High-Tech Cheating and How to Stop It

Students Take Charge

Educational researchers believe the measures are starting to have an effect. In a 2006 survey of 35,000 high school students, 61 percent admitted to cheating, a decline from 74 percent in 2002. "There's a higher awareness around schools about the problem," says Michael Josephson. "At schools that are trying to stop it, the tide may be slowly turning."

In some cases it is students who are leading the charge. A year ago Alexander Levitt organized a committee of students, teachers, and administrators at Algonquin to create an honor code that clearly spells out ethical behavior and defines academic misconduct. They've yet to determine specific penalties for those who plagiarize or cheat on exams, or those who fail to report classmates who do, but serious offenders may be expelled and have their transgressions noted on their transcripts.
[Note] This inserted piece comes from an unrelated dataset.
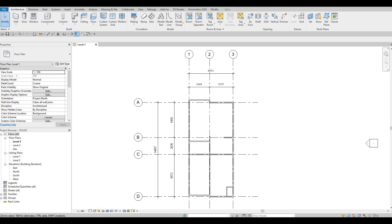Hi everyone, welcome back to my channel. In today's video we're gonna continue working on part two of this house build. Let's get started.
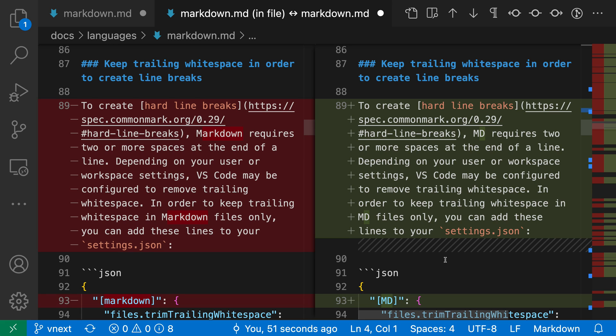Now this is just a standard diff view in VS Code, so we can also switch to an inline view if we wanted to, instead of having a side-by-side view.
Although his classmates have mixed views of Levitt -- "I've been called a complainer and a goody-goody," he acknowledges -- school officials praise his efforts. "An honor code is a kind of north star that guides you to a higher standard," says Beth Wittcoff, a committee member and principal of nearby Annie Sullivan Middle School. "It's a positive step." For his part, Levitt, who last fall started attending Vanderbilt University in Nashville, says he will keep tabs on the new regulations by staying in touch with committee members via e-mail and text messaging. "The same technology that allows kids to cheat will help me create a way to stop it," he says. "I like that."